### WORK TASK
Once the line holding "Cast and filmmakers appearing on stage" is found, output it and all remaining lines of the data exactly, with every picture left out.

Stored records:
<<<<

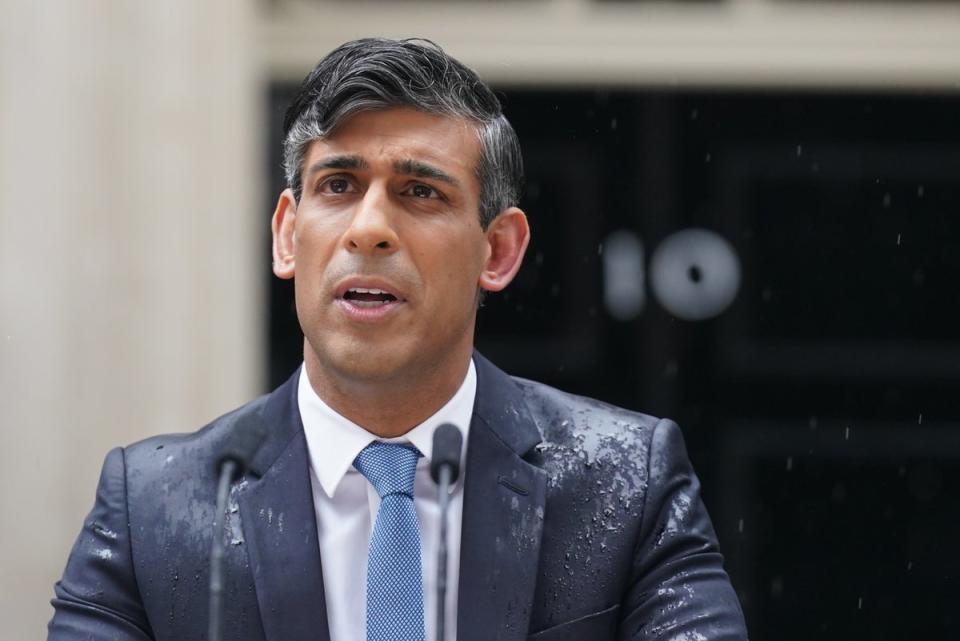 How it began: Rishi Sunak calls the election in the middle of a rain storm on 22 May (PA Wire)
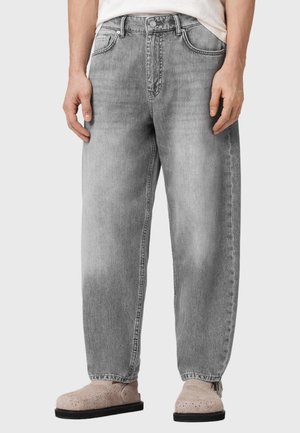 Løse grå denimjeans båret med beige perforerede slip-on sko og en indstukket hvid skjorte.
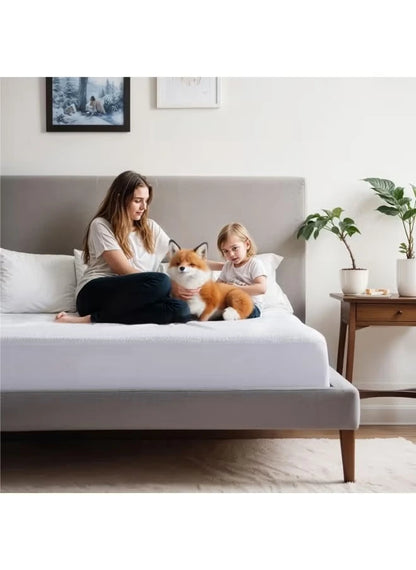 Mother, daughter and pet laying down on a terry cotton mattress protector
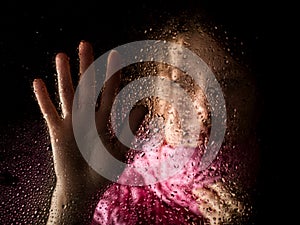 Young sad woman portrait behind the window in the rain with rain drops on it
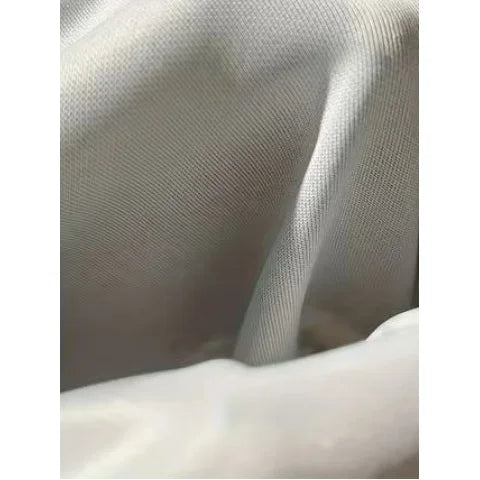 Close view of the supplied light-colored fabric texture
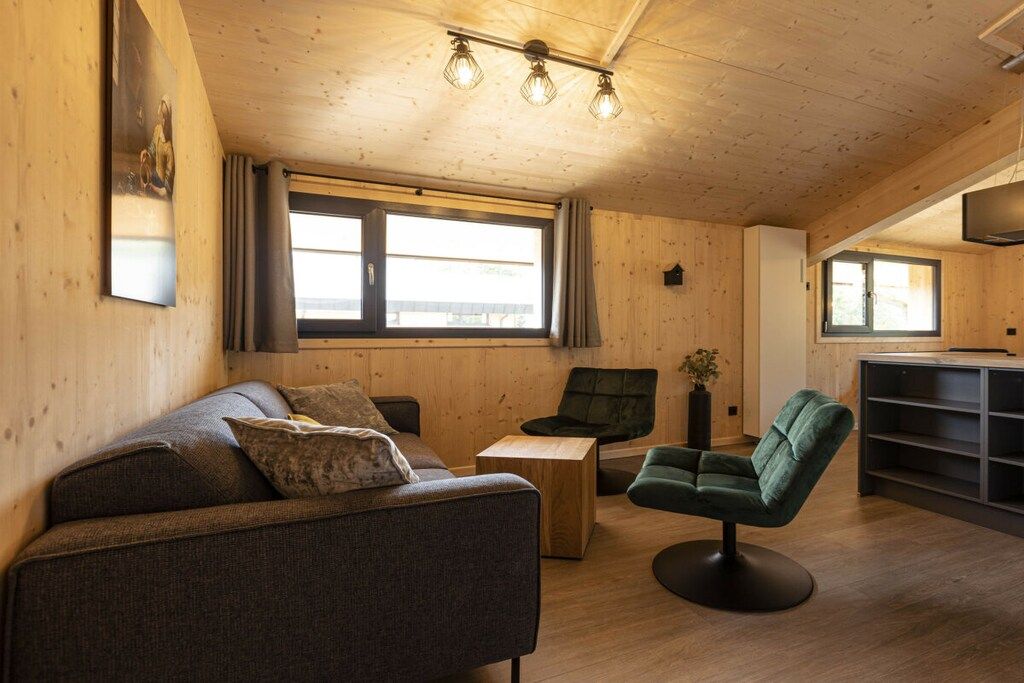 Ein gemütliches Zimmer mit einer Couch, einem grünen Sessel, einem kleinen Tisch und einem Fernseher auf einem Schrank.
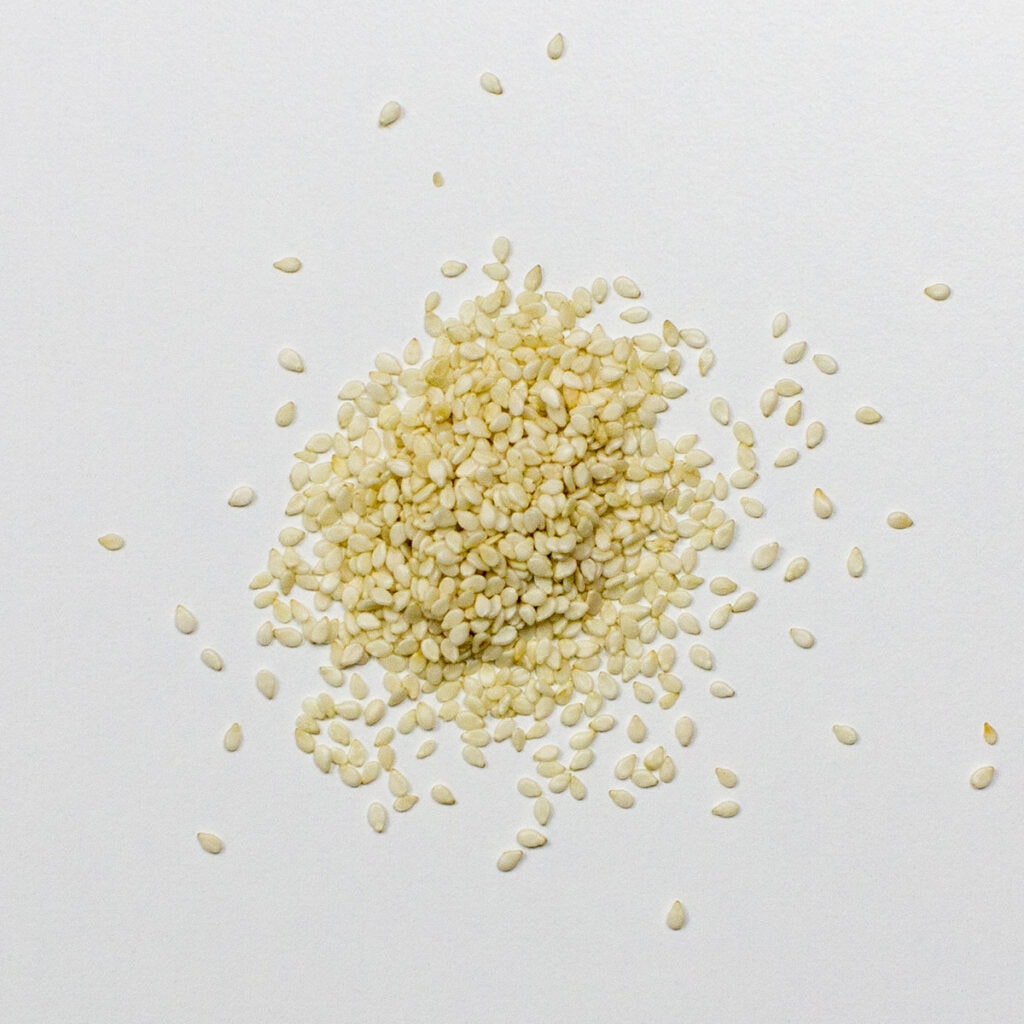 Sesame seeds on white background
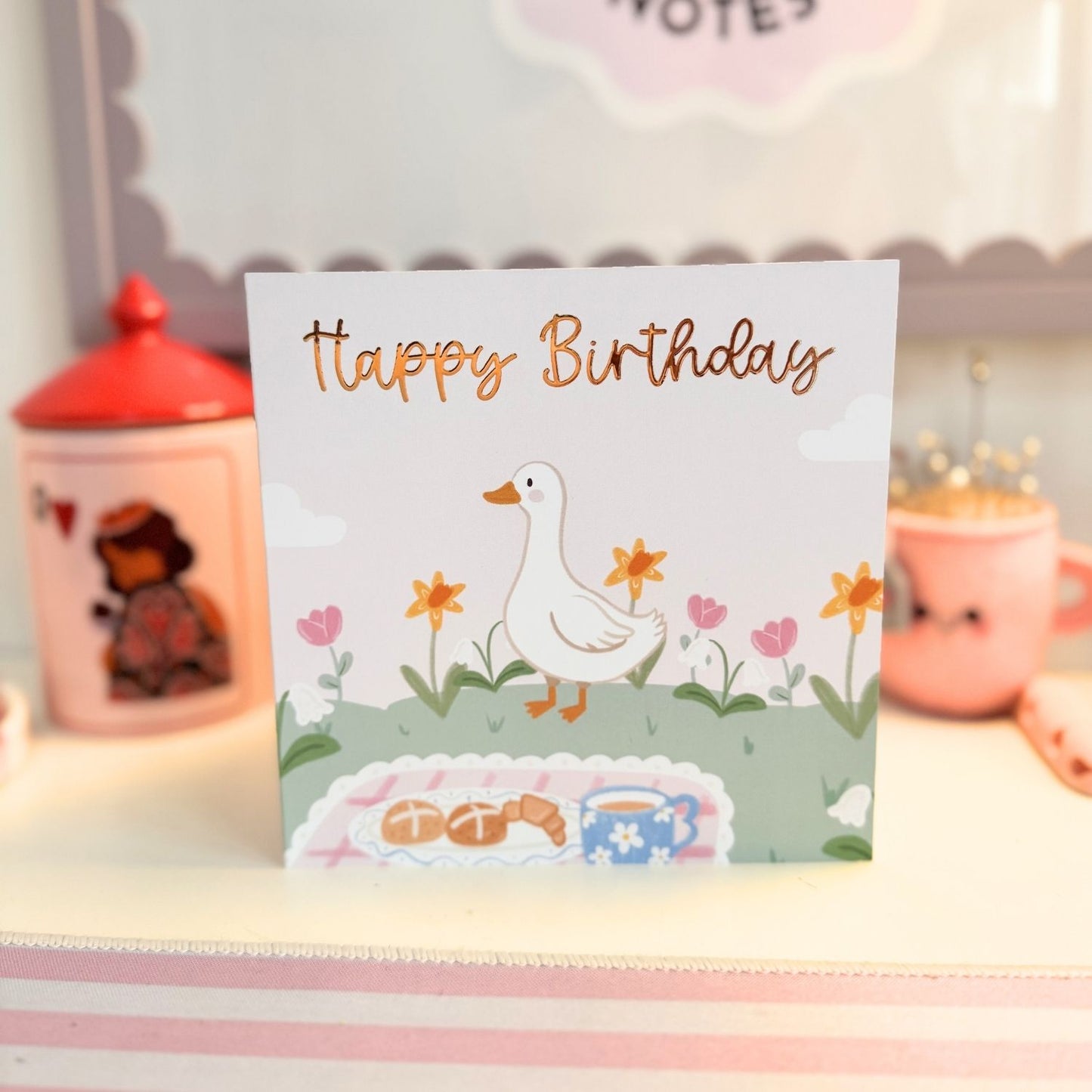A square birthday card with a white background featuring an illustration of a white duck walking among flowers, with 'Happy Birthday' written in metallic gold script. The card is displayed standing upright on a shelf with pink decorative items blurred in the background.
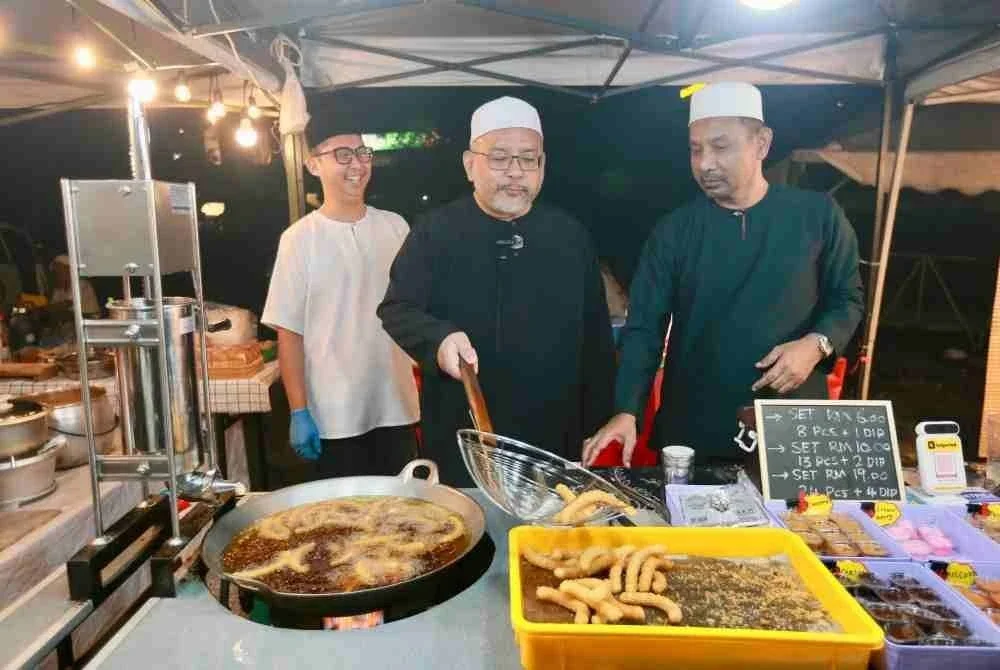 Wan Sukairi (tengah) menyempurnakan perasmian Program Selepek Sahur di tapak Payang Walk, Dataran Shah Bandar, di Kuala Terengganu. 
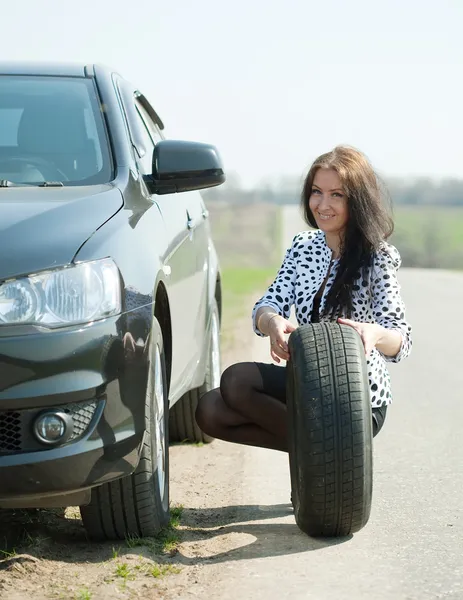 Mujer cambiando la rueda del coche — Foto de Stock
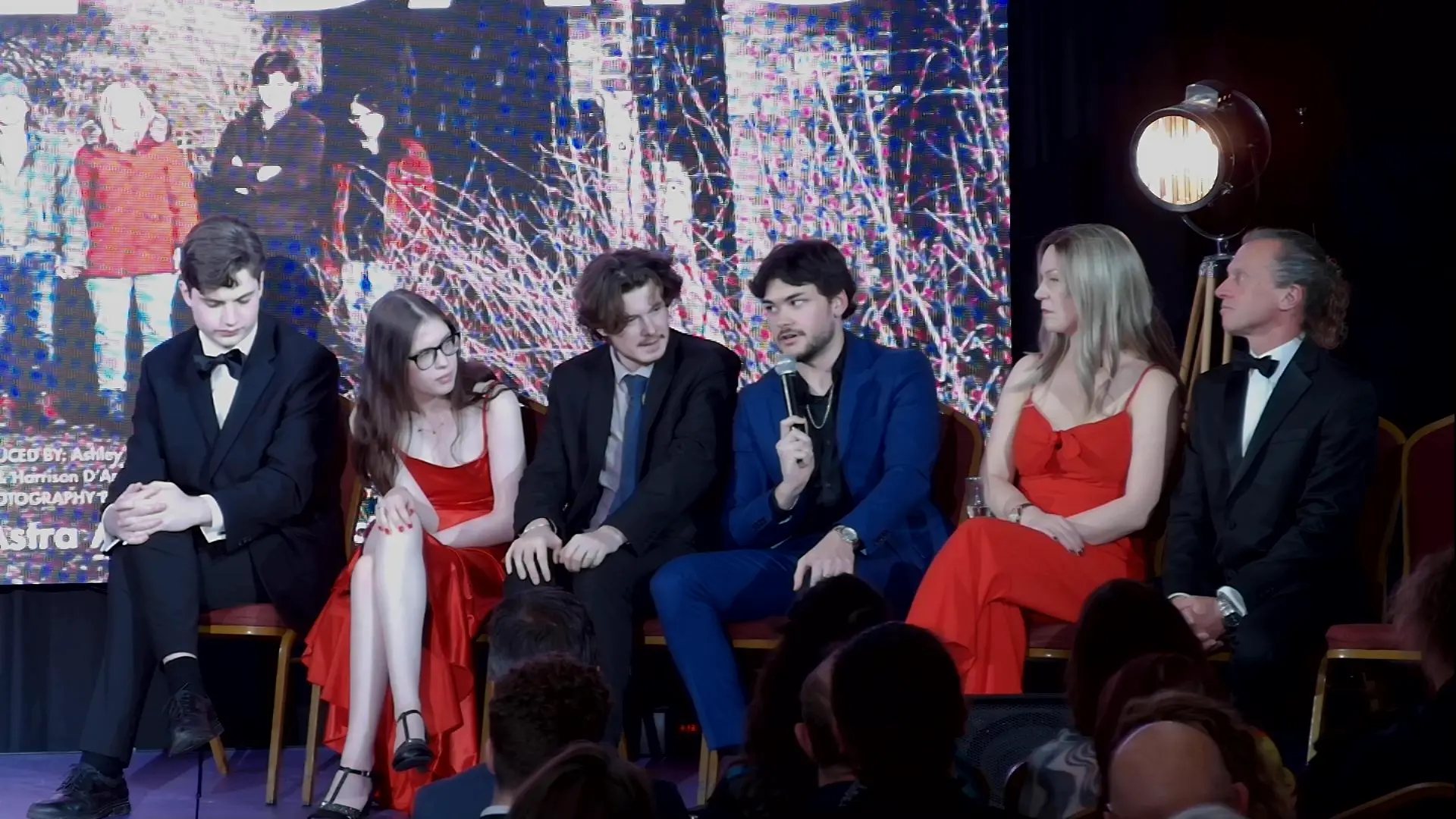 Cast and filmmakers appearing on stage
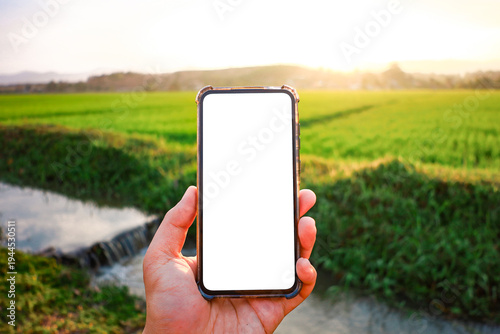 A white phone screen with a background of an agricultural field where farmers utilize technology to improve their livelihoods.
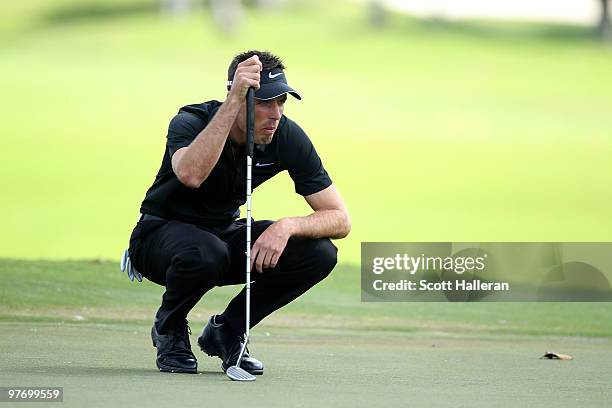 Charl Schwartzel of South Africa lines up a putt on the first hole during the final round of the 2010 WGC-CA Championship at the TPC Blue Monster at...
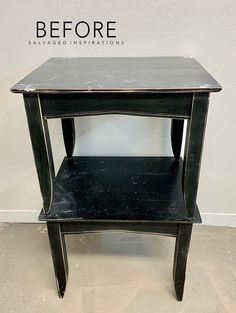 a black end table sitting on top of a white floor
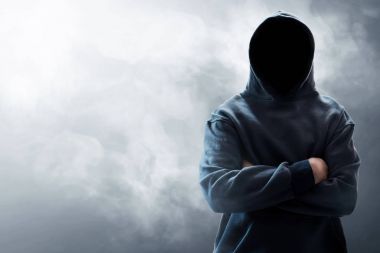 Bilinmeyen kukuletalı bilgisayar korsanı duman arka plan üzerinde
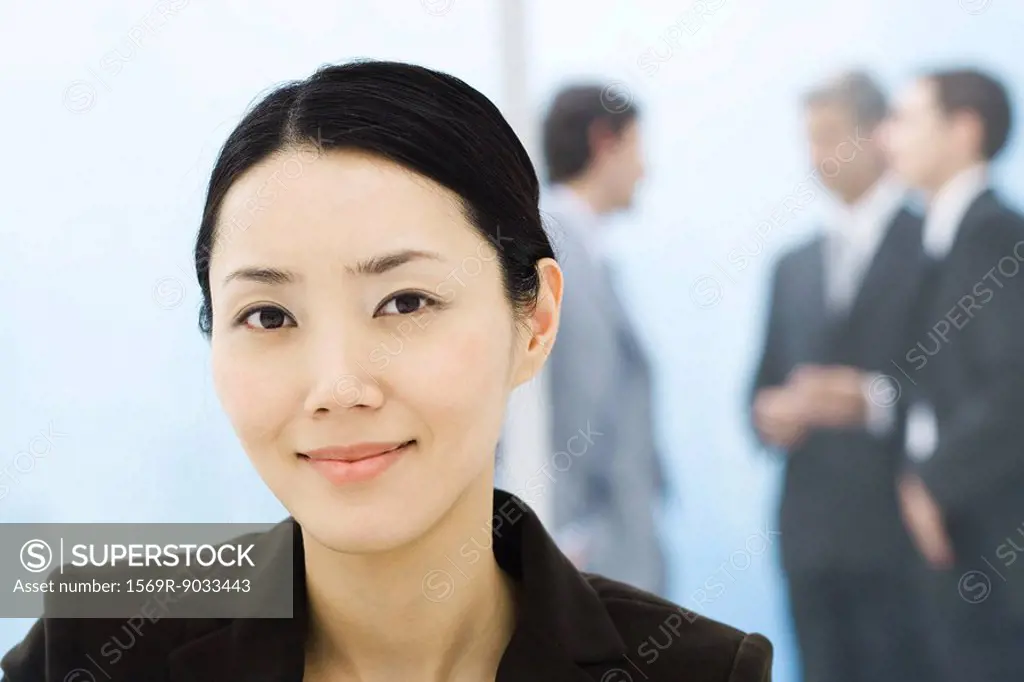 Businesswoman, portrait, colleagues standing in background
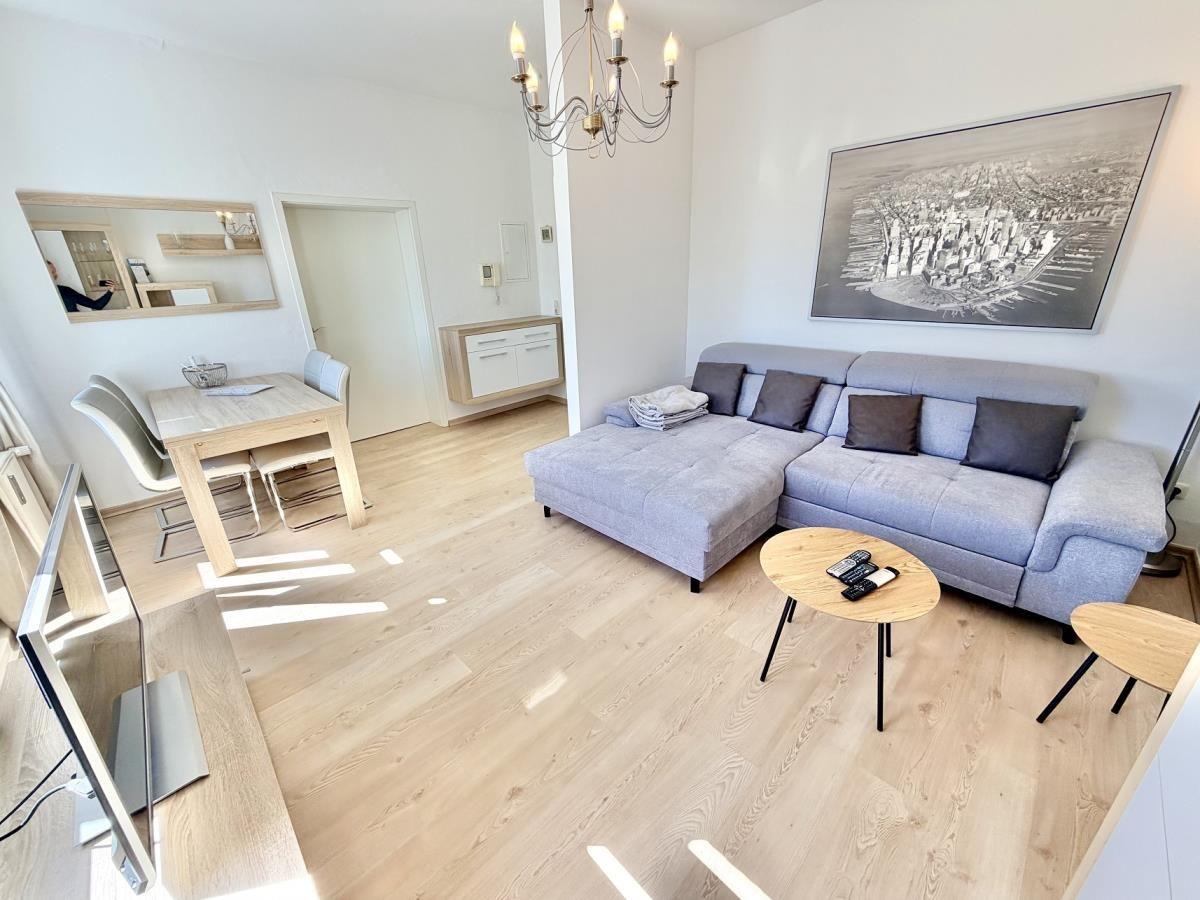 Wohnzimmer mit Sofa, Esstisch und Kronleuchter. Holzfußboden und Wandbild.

>>>>

### RESULT BELOW
 Cast and filmmakers appearing on stage
 A white phone screen with a background of an agricultural field where farmers utilize technology to improve their livelihoods.
 Charl Schwartzel of South Africa lines up a putt on the first hole during the final round of the 2010 WGC-CA Championship at the TPC Blue Monster at...
 a black end table sitting on top of a white floor
 Bilinmeyen kukuletalı bilgisayar korsanı duman arka plan üzerinde
 Businesswoman, portrait, colleagues standing in background
 Wohnzimmer mit Sofa, Esstisch und Kronleuchter. Holzfußboden und Wandbild.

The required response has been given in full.